Berkovits, M. D., O'Brien, K. A., Carter, C. G., & Eyberg, S. M. (2010). Early identification and intervention for behavior problems in primary care: A comparison of two abbreviated versions of Parent-Child Interaction Therapy. Behavior Therapy, 41, 375-287.
https://doi.org/10.1016/j.beth.2009.11.002

Abstract: Behavioral screening and preventive intervention were implemented for 3- to 6-year-olds in pediatric primary care with subclinical behavior problems. One hundred eleven children were screened with the Eyberg Child Behavior Inventory. Thirty children who scored within one standard deviation of the normative mean whose mothers indicated wanting help for their child's behavior were randomized to one of two abbreviated versions of Parent-Child Interaction Therapy (PCIT) for use in pediatric primary care: (a) a 4-session group preventive intervention called Primary Care PCIT (PC-PCIT); or (b) written materials describing basic steps of PCIT and guidelines for practice, called PCIT Anticipatory Guidance (PCIT-AG).

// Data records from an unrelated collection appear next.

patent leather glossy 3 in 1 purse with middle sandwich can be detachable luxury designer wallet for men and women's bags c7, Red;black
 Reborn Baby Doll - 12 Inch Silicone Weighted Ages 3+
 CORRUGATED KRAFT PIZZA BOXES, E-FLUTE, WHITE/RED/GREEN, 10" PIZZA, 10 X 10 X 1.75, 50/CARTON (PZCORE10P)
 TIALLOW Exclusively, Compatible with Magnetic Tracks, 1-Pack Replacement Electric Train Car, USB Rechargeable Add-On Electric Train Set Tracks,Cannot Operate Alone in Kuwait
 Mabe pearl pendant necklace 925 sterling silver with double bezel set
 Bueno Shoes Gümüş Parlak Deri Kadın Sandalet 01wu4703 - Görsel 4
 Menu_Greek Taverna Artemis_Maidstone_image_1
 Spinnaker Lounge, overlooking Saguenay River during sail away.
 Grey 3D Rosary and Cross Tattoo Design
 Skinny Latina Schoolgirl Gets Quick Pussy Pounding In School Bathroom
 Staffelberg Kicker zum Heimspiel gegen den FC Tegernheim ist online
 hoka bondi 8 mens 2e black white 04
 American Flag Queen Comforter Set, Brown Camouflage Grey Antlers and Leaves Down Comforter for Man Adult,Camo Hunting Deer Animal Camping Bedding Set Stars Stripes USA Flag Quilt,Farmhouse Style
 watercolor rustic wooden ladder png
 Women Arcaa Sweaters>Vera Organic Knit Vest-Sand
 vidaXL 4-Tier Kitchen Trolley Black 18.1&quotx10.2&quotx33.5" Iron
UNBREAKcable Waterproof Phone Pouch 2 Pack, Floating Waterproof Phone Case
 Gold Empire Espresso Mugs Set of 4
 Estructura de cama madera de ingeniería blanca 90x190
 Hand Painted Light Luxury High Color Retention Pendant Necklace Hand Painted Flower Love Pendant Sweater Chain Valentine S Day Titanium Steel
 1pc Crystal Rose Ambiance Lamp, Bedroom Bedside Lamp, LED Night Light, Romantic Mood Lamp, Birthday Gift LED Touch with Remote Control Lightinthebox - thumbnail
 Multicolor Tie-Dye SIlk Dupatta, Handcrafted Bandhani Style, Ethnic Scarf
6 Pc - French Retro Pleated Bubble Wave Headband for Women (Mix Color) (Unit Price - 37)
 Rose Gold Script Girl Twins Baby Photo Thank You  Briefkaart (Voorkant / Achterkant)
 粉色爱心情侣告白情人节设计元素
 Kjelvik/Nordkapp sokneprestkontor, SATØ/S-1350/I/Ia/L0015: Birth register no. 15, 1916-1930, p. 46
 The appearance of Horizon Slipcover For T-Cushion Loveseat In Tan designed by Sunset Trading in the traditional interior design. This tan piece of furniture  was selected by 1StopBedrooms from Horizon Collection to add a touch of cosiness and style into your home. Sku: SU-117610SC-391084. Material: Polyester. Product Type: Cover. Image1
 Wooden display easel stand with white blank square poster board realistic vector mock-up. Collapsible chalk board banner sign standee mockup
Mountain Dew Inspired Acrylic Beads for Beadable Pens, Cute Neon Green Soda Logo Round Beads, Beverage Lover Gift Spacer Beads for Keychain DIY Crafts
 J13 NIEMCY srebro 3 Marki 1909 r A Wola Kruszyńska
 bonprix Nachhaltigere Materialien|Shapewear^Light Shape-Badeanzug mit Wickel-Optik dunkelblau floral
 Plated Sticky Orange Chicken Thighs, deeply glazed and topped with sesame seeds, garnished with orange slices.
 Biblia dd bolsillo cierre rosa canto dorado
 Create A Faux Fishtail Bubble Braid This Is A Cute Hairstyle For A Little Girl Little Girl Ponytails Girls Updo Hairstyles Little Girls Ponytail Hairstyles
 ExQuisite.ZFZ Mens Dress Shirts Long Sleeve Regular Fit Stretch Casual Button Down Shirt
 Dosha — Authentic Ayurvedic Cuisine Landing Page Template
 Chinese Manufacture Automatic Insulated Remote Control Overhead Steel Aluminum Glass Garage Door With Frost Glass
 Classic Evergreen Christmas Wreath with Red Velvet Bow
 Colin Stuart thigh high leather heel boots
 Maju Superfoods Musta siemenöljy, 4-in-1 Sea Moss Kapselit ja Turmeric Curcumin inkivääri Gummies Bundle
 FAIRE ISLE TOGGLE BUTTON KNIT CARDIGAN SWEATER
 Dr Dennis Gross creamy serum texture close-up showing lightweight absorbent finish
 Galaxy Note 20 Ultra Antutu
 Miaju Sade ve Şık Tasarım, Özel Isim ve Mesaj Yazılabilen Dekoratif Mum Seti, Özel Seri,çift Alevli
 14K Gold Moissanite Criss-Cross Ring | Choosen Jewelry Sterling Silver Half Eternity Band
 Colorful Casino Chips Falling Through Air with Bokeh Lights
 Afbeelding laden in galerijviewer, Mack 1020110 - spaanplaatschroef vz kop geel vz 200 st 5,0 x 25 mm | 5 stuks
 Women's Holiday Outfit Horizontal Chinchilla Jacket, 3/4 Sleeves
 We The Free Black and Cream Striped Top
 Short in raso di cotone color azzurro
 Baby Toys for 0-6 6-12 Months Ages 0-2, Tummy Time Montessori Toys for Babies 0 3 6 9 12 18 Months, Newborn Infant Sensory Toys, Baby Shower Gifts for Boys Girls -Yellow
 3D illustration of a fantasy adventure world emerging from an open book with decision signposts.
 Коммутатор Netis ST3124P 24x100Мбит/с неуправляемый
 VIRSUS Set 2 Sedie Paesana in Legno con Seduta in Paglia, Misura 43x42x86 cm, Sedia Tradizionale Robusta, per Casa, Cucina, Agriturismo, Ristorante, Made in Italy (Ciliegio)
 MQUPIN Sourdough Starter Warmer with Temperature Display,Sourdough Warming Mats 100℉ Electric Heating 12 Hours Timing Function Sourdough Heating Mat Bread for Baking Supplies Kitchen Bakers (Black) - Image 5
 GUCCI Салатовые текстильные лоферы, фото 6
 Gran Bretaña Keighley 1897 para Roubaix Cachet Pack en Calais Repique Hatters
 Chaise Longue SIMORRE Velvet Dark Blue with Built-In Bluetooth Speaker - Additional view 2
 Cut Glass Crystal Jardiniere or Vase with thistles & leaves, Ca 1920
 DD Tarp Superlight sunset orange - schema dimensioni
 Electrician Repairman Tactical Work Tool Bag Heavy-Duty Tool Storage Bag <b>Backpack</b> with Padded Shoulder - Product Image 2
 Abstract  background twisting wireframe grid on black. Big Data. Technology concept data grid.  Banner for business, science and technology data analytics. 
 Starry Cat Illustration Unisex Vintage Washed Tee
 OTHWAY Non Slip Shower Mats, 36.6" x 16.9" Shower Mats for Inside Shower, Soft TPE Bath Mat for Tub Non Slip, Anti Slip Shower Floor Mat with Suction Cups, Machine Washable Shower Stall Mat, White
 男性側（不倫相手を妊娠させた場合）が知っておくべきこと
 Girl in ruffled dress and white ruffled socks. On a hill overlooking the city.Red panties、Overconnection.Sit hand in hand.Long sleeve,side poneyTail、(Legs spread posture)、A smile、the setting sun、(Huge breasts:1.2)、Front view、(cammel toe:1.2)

Decreases in child problem behaviors and ineffective parenting strategies, and increases in parental feelings of control were not significantly different between versions at post-intervention or 6-month follow-up. Changes during intervention were significantly larger for both groups than changes during pretreatment baseline, with moderate to large effect sizes. These brief versions of PCIT are both promising primary care preventive interventions that deserve further study.


Keywords: PCIT; Model Adaptation Studies.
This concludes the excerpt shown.